I don’t know why most kids persist in night waking (It is maladaptive to kill your parents!), but my daughter has a bad case of the mamas. She wakes me every couple of hours just to make sure I’m still there.

The good news is, she wont be two for another couple of weeks; so we are not like you, you zombified suckers.

At this point you should ask if my child sleeps in a crib and anticipate that she doesn’t. Baby A came into our bed during her first sleep regression and has been there ever since. I had reasons: It was October and she seemed cold in her little bed. An old shoulder injury meant I often dropped her in the last inch as I put her back in and it woke her up. I was exhausted and she just slept better in our bed.

Co-sleeping has its advantages. For many months she never cried at night and I barely woke up to nurse. Travel was a breeze, and all was well for a long time.

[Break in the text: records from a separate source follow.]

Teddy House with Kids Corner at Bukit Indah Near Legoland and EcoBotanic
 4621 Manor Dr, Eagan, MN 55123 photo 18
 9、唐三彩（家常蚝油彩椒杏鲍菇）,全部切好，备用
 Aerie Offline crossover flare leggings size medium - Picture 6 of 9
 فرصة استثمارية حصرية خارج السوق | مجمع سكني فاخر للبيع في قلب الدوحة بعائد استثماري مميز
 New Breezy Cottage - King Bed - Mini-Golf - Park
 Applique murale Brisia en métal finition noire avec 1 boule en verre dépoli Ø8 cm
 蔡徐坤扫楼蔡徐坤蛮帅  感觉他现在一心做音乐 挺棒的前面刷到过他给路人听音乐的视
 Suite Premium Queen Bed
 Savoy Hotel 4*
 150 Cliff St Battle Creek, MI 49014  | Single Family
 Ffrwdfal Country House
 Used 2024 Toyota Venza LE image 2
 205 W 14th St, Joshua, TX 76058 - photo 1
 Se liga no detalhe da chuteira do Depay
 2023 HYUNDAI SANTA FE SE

I arranged her such that I was not worried about rolling over onto her, still, my husband and I never intended to share our bed, and it’s taken me a long time to get behind this thing. Now, I’ll admit, she wakes up more than I’d like, and I’m poking my eyeballs out a little bit.

I can see the look on your face that says, “Ooh, i had no idea… you really have to do something about that.” Like what? A is well past the luggage phase of babyhood. She has words. Since escaping the pack-n-play at 20 months she has been an exclusive bed sleeper; I can’t lock her in bed and throw away the key.

Parenting feels a lot like wandering down a dirt road through thick fog. There are many forks in this road, and you don’t see opportunities to turn until they are right on top of you. Choices must be made, almost constantly, but without any information about what lies ahead. If there is one option that makes any sense at all then you take it. Most days we are all just trying to put one foot in front of the other and stay on the path. In a way, there is very little choice at all.

Nobody knows where any of these roads lead. Like a choose your own adventure novel, every moment in parenting is tied to some previous nutty decision; tho which it was is impossible to say. Only when you are very far from the fork in the road do you understand anything about the benefits or consequences of the path you chose.

So we take the bad with the good and tell ourselves that none of the other forks would have been better; just different. Or maybe there was a better path, but which? And when? And why wasn’t it indicated by a glittery, be-dazzled sign? At times you will fear that you made a mistake; but the only thing to do is dig in your heels, re-commit to your former self, and carry on. There is definitely no turning back.